(TASK DATA):
↓
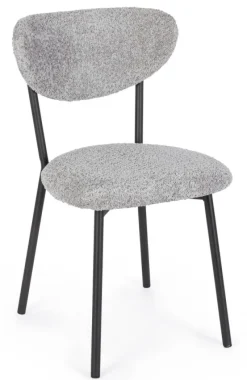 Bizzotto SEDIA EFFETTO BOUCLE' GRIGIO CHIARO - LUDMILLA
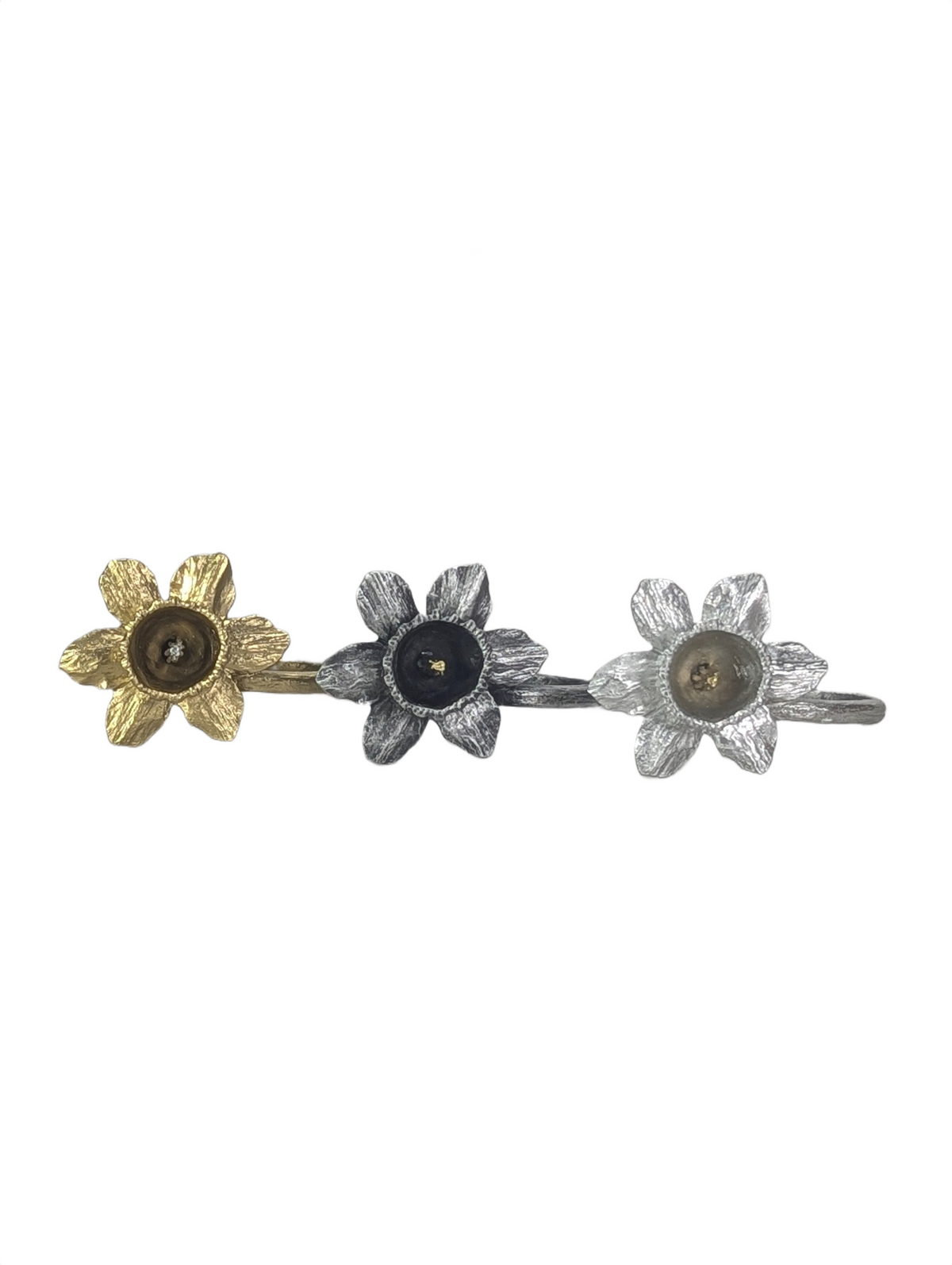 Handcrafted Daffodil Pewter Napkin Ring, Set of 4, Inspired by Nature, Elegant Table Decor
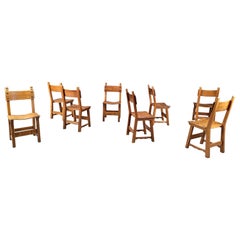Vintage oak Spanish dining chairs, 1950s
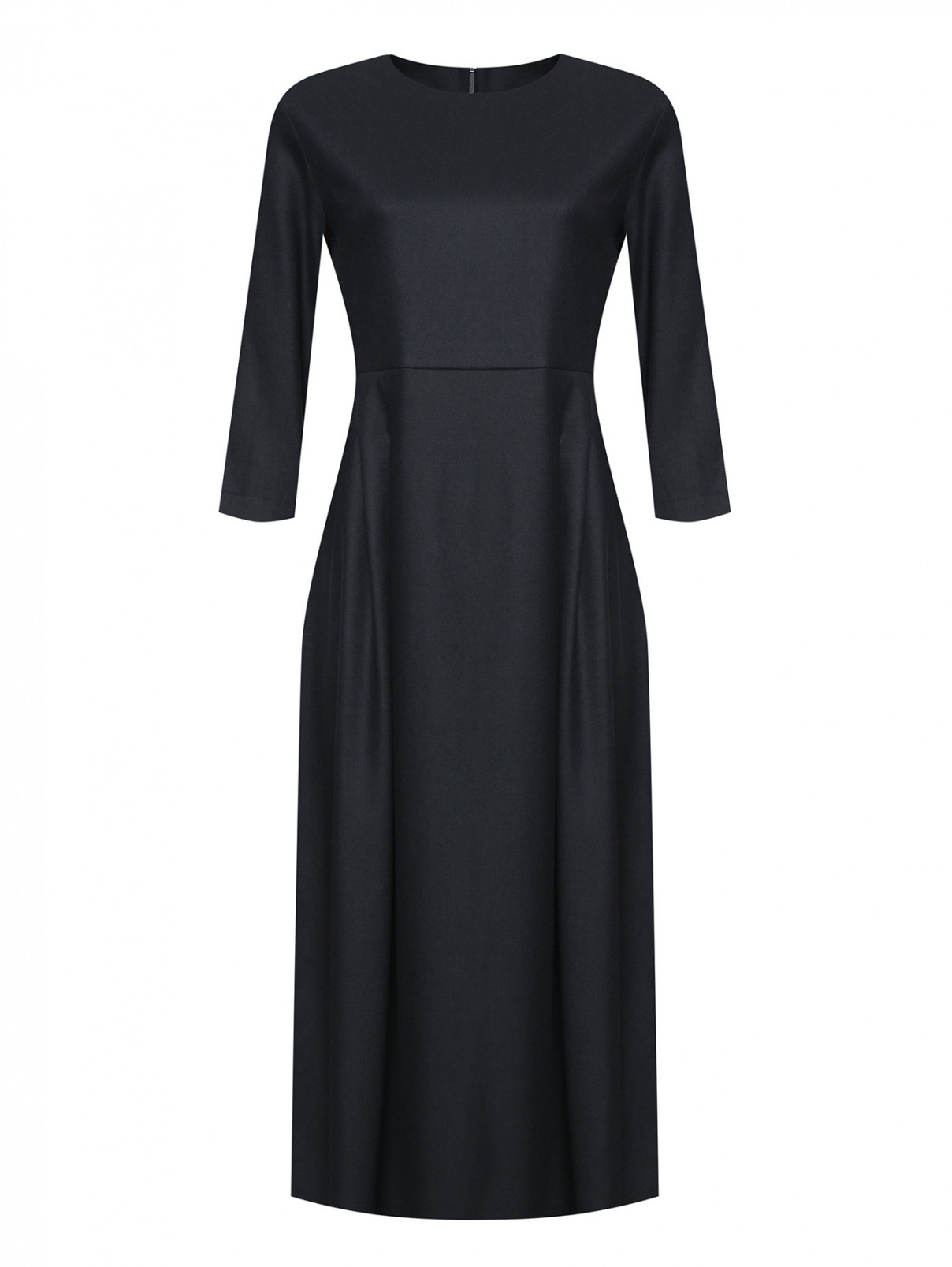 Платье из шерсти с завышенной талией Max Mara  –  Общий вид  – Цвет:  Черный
↑
↓
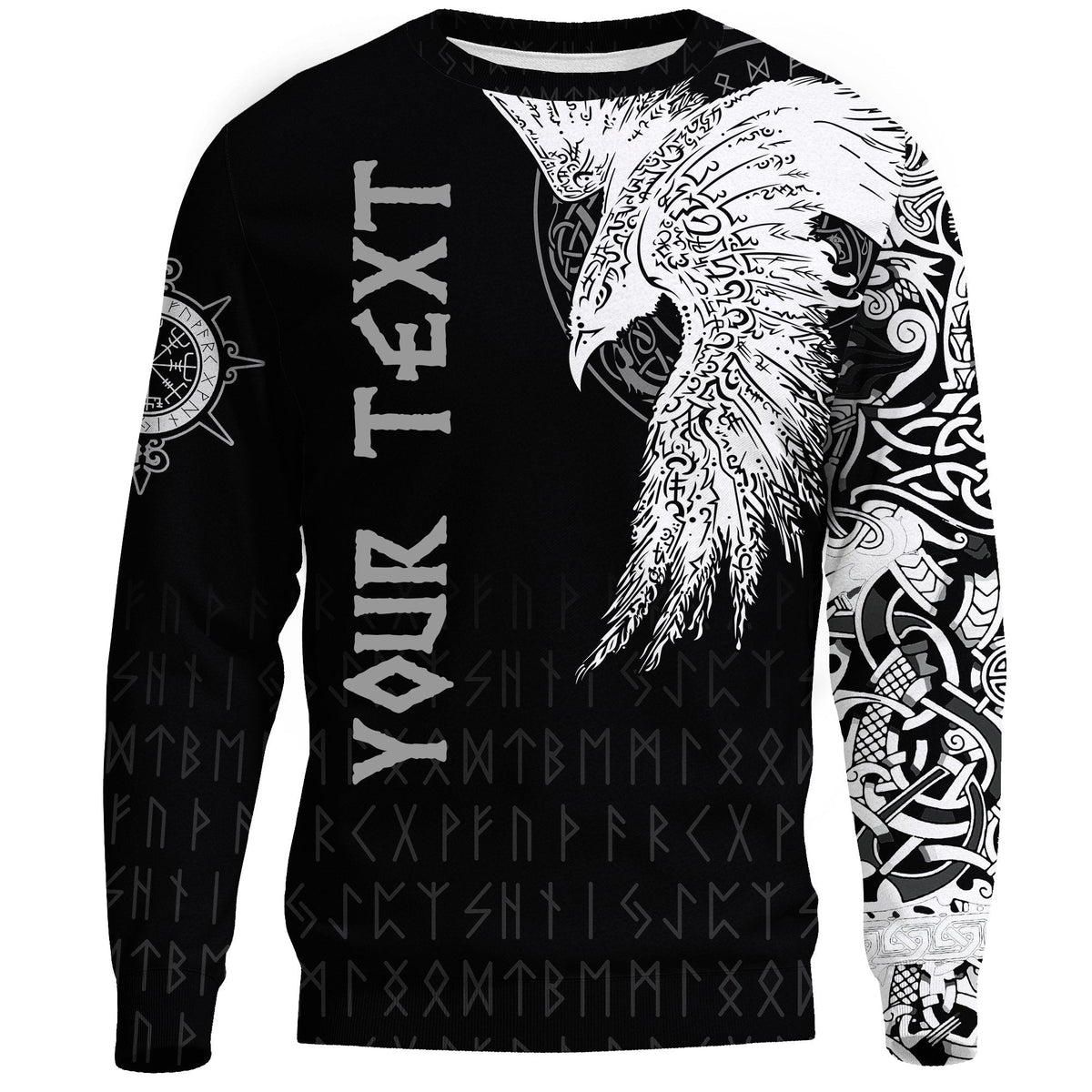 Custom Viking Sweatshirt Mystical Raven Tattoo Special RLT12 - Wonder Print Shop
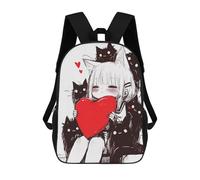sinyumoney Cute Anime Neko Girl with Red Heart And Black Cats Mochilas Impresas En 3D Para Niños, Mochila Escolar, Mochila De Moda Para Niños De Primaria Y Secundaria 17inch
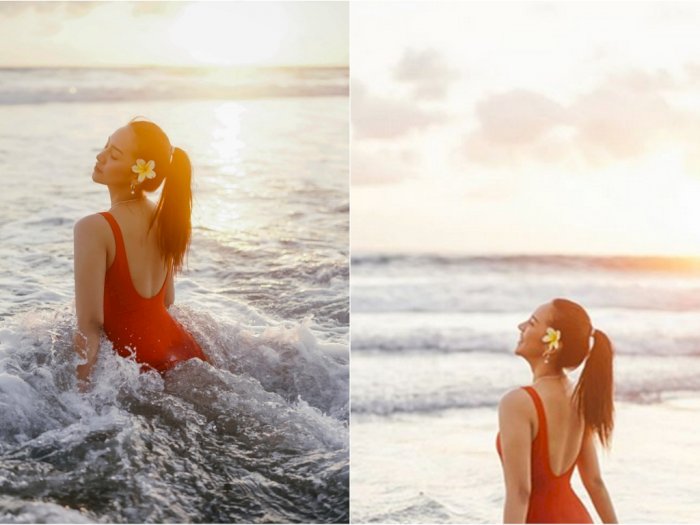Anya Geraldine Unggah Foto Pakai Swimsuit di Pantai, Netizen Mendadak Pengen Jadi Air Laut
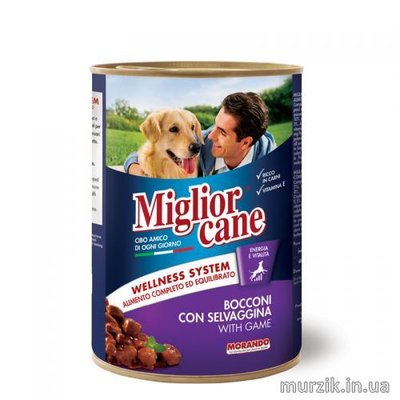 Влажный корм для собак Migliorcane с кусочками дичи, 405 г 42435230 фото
↑
(TASK DETAILS): Give again the stretch of lines above from the one with "Handcrafted Daffodil Pewter" through the one with "Платье из шерсти", both ends kept, and copy no pictures.

(ANSWER SECTION):
 Handcrafted Daffodil Pewter Napkin Ring, Set of 4, Inspired by Nature, Elegant Table Decor
Vintage oak Spanish dining chairs, 1950s
 Платье из шерсти с завышенной талией Max Mara  –  Общий вид  – Цвет:  Черный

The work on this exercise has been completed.